The working group presented their report - which proposes that Finland repeal the exemption law - to Defence Minister Jussi Niinistö on Monday.
Every year in Finland some 20,000 young men take part in the country's mandatory military conscription programme. Instead of serving in the military, young men have the option of carrying out their national service in civilian settings.
But young Jehovah's Witnesses have had the right to refuse to serve the country - militarily or even in a civilian capacity - since 1987.
The topic of whether followers of the Christian denomination should be compelled to serve in Finland's military has been debated for years.
Teemu Penttilä, leader of the defence ministry working group behind the report, said the time to change the law has arrived.
"The civil service [system] has changed significantly in recent years. For example, religious communities now offer places of employment [in civil service]. There has been a clear societal change," Penttilä said.
Finland has been dealing with this issue for more than a decade. In 2006 a Defence Ministry working group examined the topic but did not reach any conclusions. A similar effort - this time consulting foreign experts - was carried out in 2009 but had similar results.
Efforts by defence ministers in 2011 and 2013 also failed to reach a solution. The subject re-emerged this year. In a pivotal ruling, the Helsinki Court of Appeal found that permitting male Jehovah's Witnesses to avoid conscription was discriminatory.

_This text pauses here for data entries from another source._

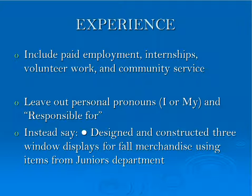Think of your experience section as an umbrella. It may include paid employment, internships, volunteer work, and community service. You'll want to leave out personal pronouns like I or my and the phrase 'responsible for.' Instead, look to use verbs that give the employer an idea of what you've accomplished or attained in that position.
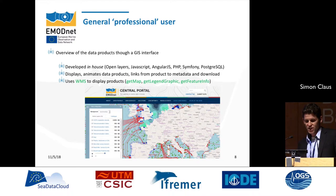There is also a GIS interface developed in-house by the Flanders Marine Institute using OpenLayers. It can display and animate some of the data products, and always provides a link to where you can find and download the data. It uses WMS services to display the data products, so you can get the map, the legend, and information on the features.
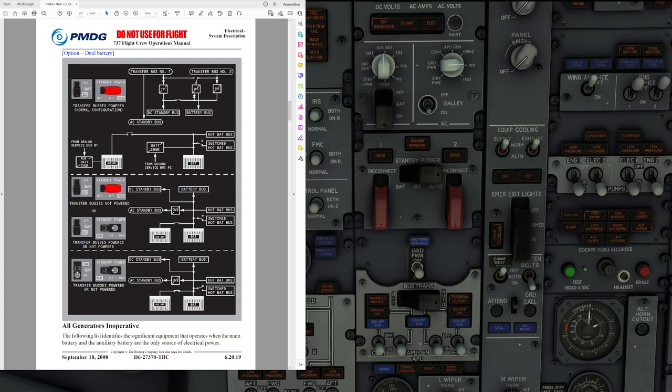We do have static converters in the airplane and they convert 24V DC into 115V AC power to supply the AC standby bus during loss of normal electrical power. The power supplied to the inverter is controlled by the standby power switch and the battery switch on the overhead panel.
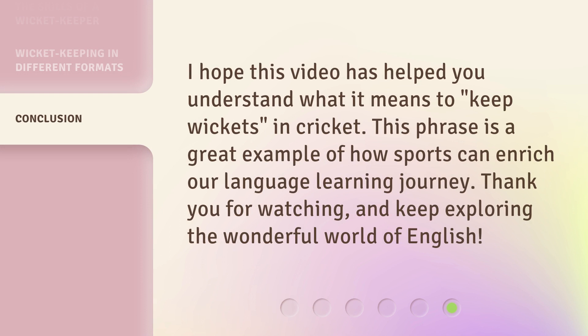I hope this video has helped you understand what it means to keep wickets in cricket. This phrase is a great example of how sports can enrich our language learning journey. Thank you for watching, and keep exploring the wonderful world of English.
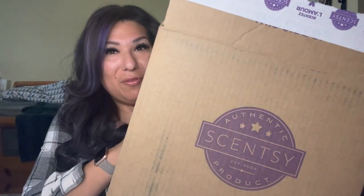Hey Scentsy fam, it's Aileen, your independent Scentsy consultant! Today we got a box — one of my favorite boxes. You all know I love the Whiff Box, so we got April 2023's Whiff Box, but we also got some other stuff too.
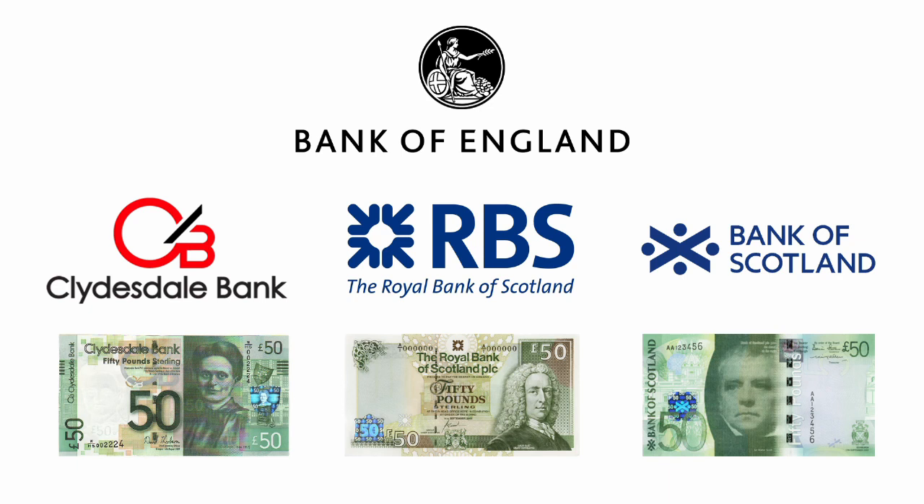Scottish banknotes are actually officially not legal tender — they are not defined as legal tender by law. You might be thinking, how can something that is not legal tender be used as a form of payment? I will cover that in a future video, because it's complex. But today I just want to focus on this £50 denomination and an interesting change that has happened, which may mean something very interesting for the future.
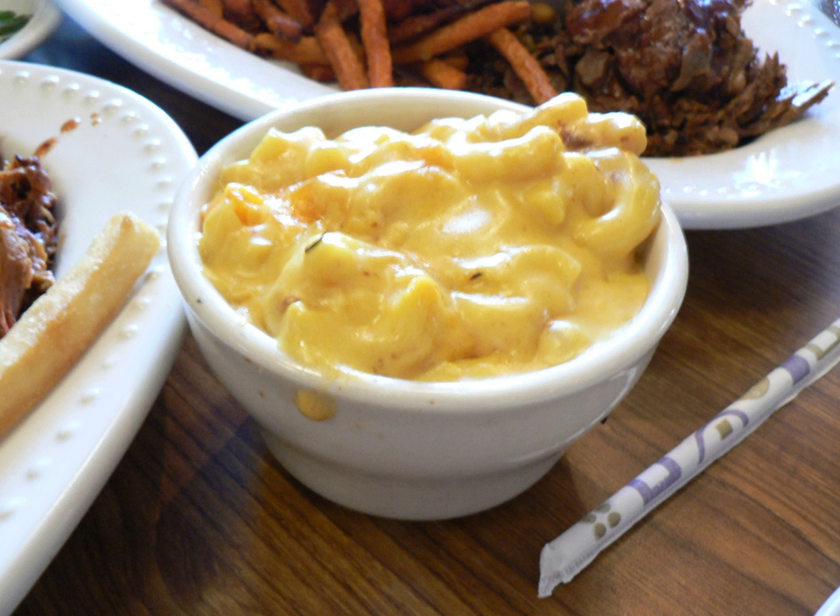Cheddar sauce can be used in a variety of ways, including being poured over meats, types of pasta, vegetables, and even as a dip. It is used in the preparation of a variety of British dishes, including fish pie, macaroni and cheese, cauliflower cheese, Parmo, and lasagna.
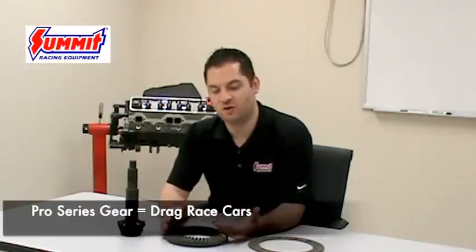A pro series gear, on the other hand, is a much softer gear. Pro series gears are designed for drag race applications only. The reason why the gears are softer is they are designed to absorb the impact between the sticky tires and the harsh impact of the drivetrain being transmitted through that gear set so it doesn't chip teeth. What would happen if you put a pro gear in a street car is that you would wear that gear out very quickly — and that's why they are designed for drag race applications only.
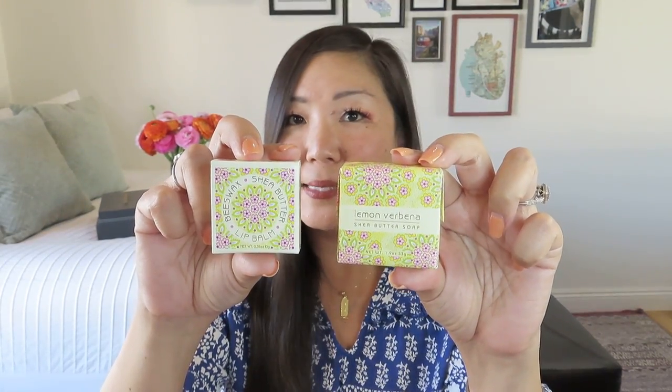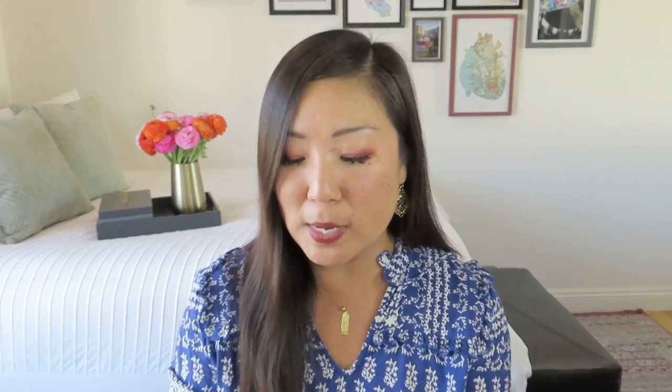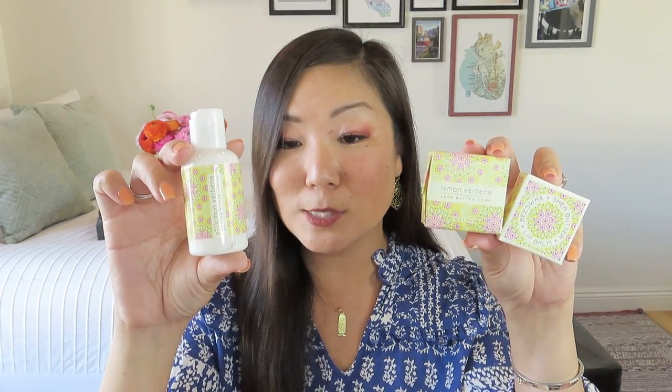We have some Lemon Verbena Shea Butter Soap, and it matches a Beeswax Shea Butter Lip Balm. We also got the same beautiful label Lemon Verbena, two fluid ounces, Shea Butter Lotion — so three different items. This self-care set made by Greenwich Bay Soaps is perfect to help you relax and pamper yourself. Greenwich Bay Trading Company is a family-owned business that has been crafting luxurious vegetable soaps and spa essentials enriched with botanical butters, essential oils, and natural extracts since 1962. It's so pretty and springy.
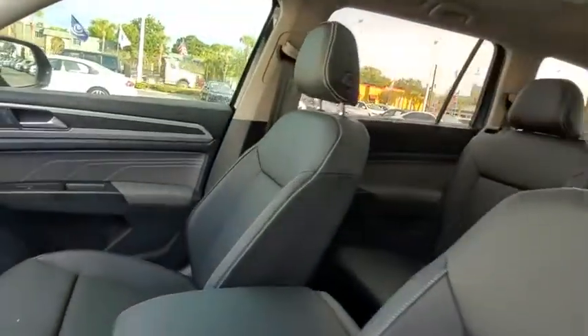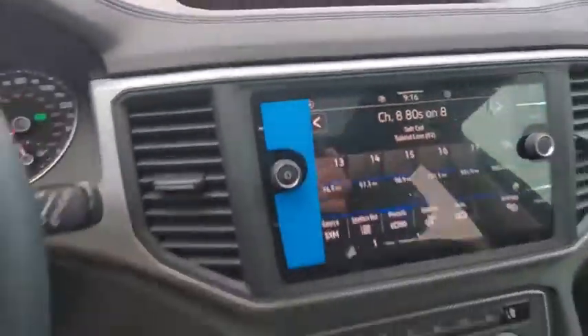This vehicle offers reliability and good looks at a great price. So come in and take a test drive today.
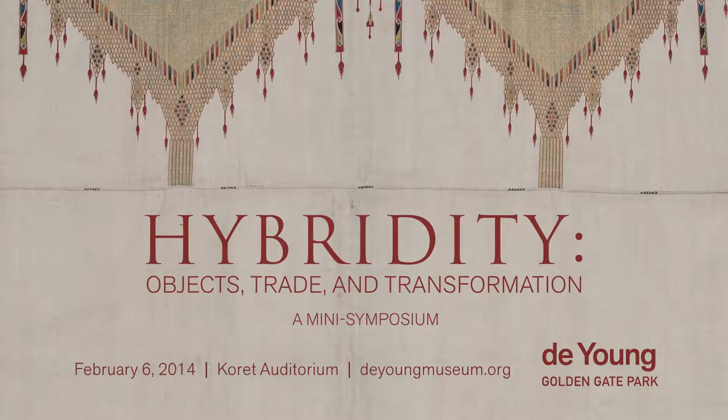As many of you noticed in the presentations before the break, there were a couple of objects that came from the Peabody Essex Museum. In a way, it's quite appropriate for us to end with a curator from the Peabody Essex Museum.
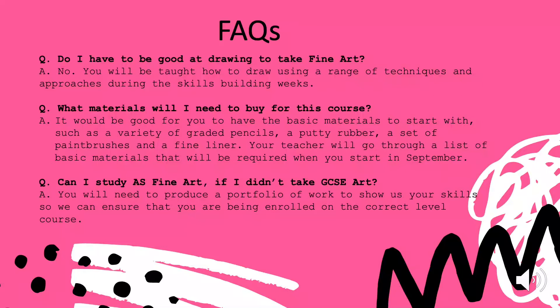What materials will I need to buy for this course? We would like you to have some basic materials, but we will be providing you with a wide range of specialist materials whilst at college. It would be good for you to have basic materials such as a variety of different graded pencils, a putty rubber, a set of paint brushes and a fine liner.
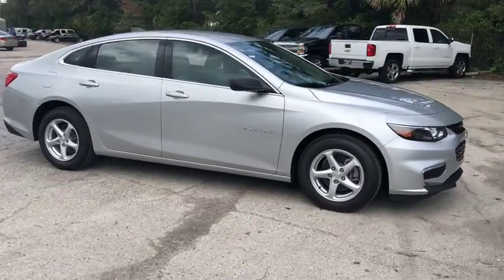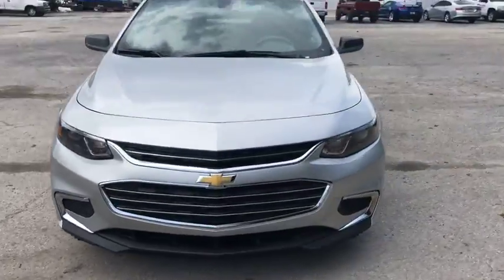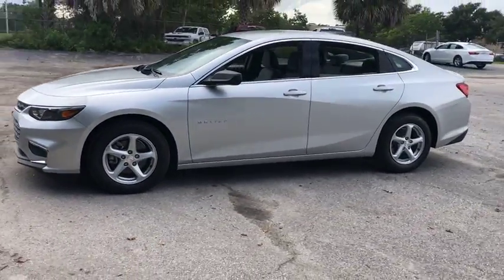The 2018 Chevrolet Malibu — a combination of performance and fuel economy. The Malibu is a great commuting car. Here are some of this vehicle's great options.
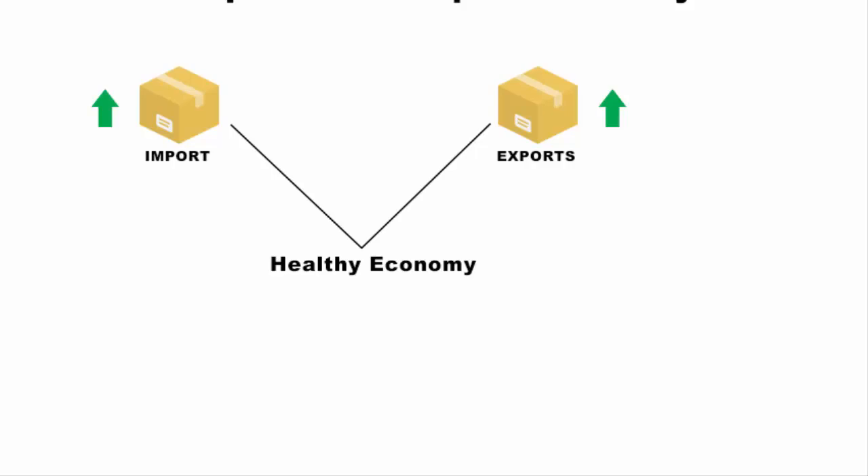In a healthy economy, exports and imports are both growing. If imports are growing and exports are sharply declining, it means the rest of the world is in better shape than the domestic economy. If the opposite happens, it means the domestic economy is doing better.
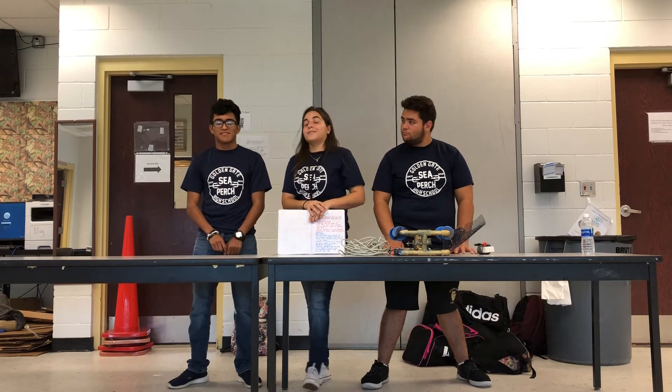Following the engineering design loop, our goal was to build a rover to collect trash from our local canals. For the sea bridge challenge, it was to collect pieces of trash from the GGHS lake, reach a barrier, and go back to the wall. Our research found there are 5.25 trillion pieces of trash in the ocean, and 1.4 million pounds of trash enter the ocean yearly.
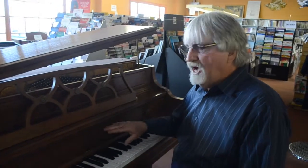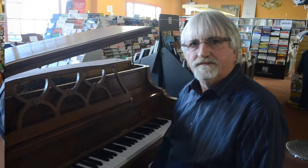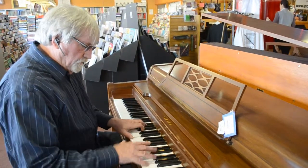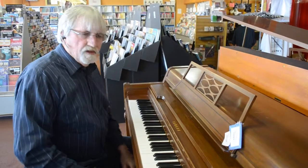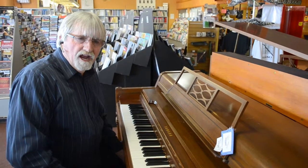And here we have a Kawaii Studio piano. This is a very fine piano, and this one's going for $2,500. This is a nice Yamaha spinel for $9.95.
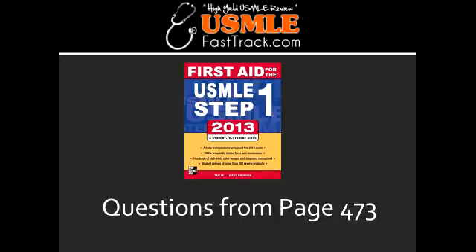What is Tardive Dyskinesia? Tardive Dyskinesia is a stereotypic oral-facial movement as a result of long-term antipsychotic use. Is Tardive Dyskinesia reversible or irreversible? Tardive Dyskinesia is often irreversible.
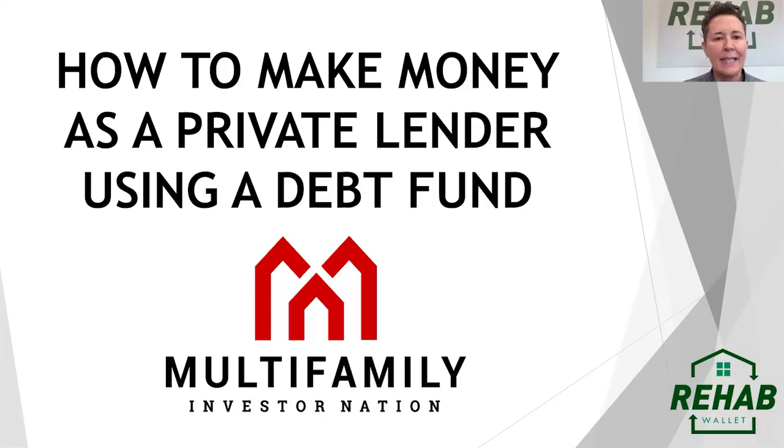Hey guys, my name is Kelly Garrett. I am the managing partner of Rehab Wallet, the lending arm of PassiveInvesting.com. Today we're going to talk a little bit about how to make money as a private lender using a debt fund.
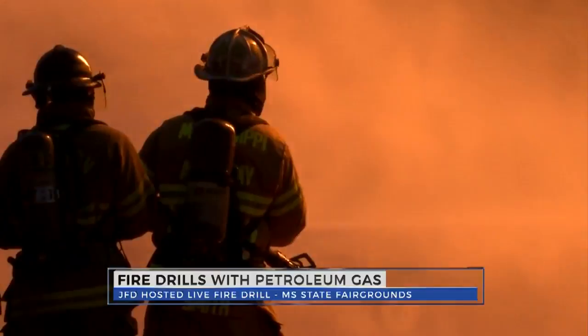About two weeks ago, we had two grills that caught fire using propane, which actually started house fires. So it's very prevalent that it happens.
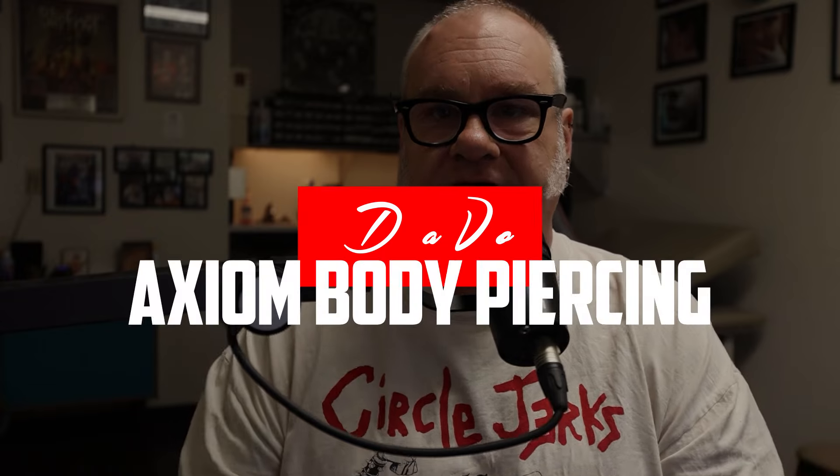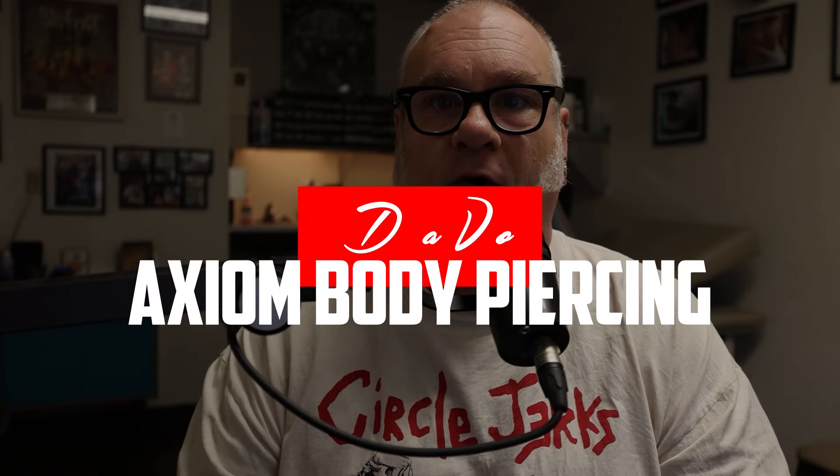For those who are new here, welcome to the Body Piercing and Tattooing channel. Hope you're enjoying the videos and finding them helpful. My name is Davo, I'm a professional body piercer and have been since 1994. I own and operate the Axiom Body Piercing Studio, going on over 30 years now, located inside Skin Kitchen Tattoo here in Des Moines.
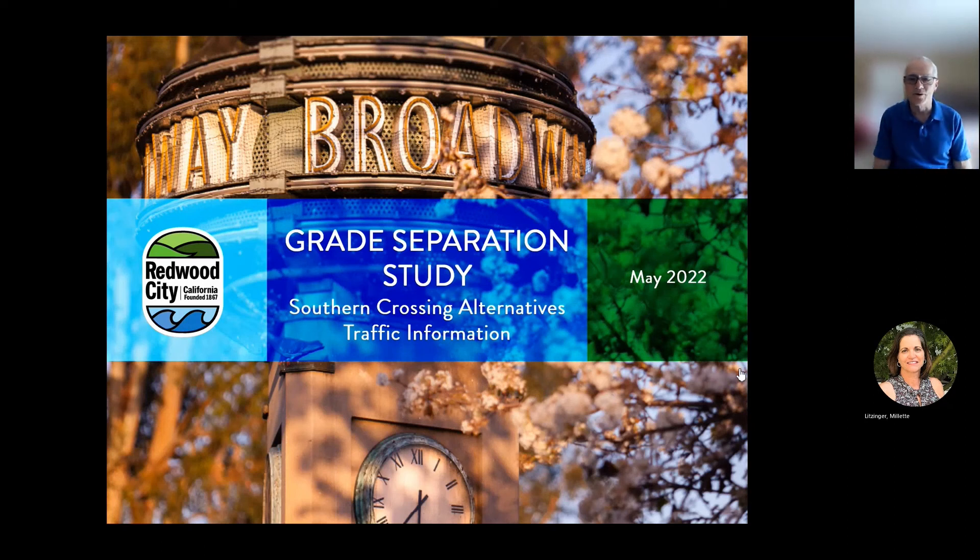Hello, I'm Bill Hurl with CDM Smith, and today we're going to be talking about the traffic analysis for the southern crossing alternatives, which are part of the grade separation study.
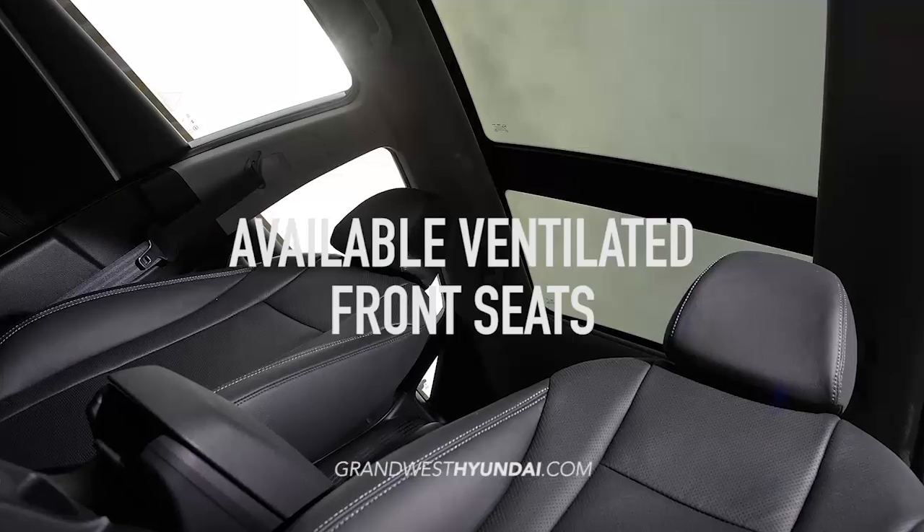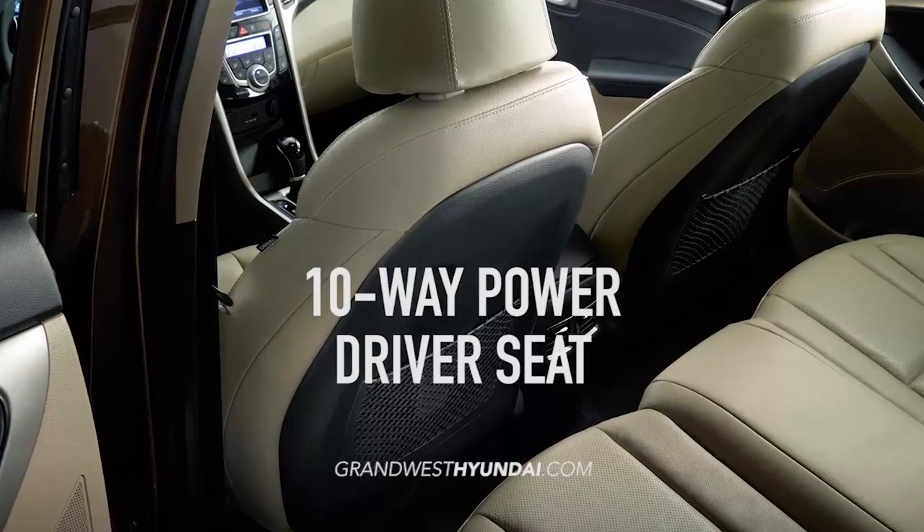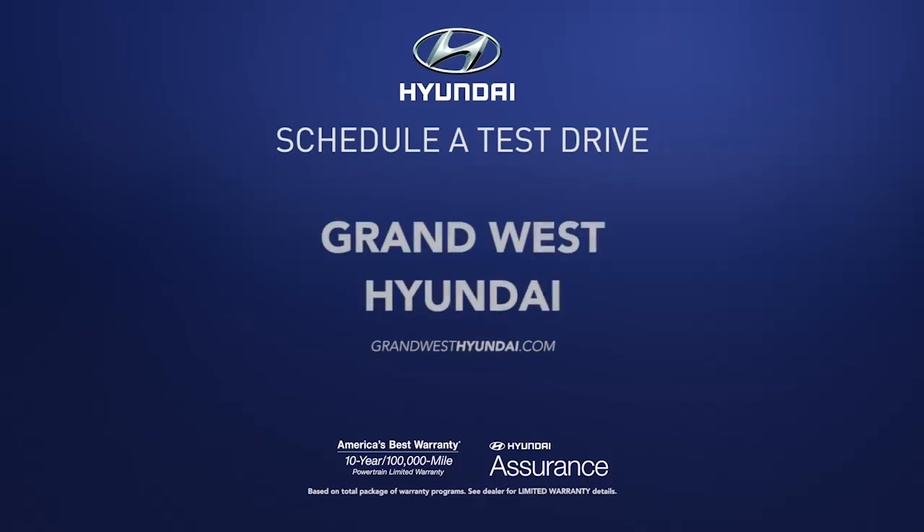Plus ride in style with premium features like standard heated seats, available ventilated seats, and a 10-way power driver seat. So schedule a test drive of your very own at Grand West Hyundai today.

The implementation of the law protecting Jehovah's Witnesses from conscription more than three decades ago came as a response to criticism Finland received from the UN Human Rights Committee. The committee said it viewed conscientious objectors as prisoners of conscience and accused Finland of not fulfilling its international obligations.
Before the law changed in the late 1980s, every year dozens of Jehovah's Witnesses were jailed for not complying with conscription laws.
Increase in total objectors possible
Jehovah's Witness' spokesperson Veikko Leinonen has previously said Finland's laws on mandatory civil service violate the religious group's authority.
Leinonen warned that abolishing the exemption would result in a return to the situation before the law was instated, and that members of the church would rather choose to serve jail sentences than serve.
But the Defence Ministry's Penttilä disagreed, saying that the working group consulted several Jehovah's Witnesses representatives who vowed that no one would be excluded from the church for carrying out civil service duties.
"We're aware there's a risk the number of total objectors may rise. But the working group found that it will not be a significant increase," Penttilä said.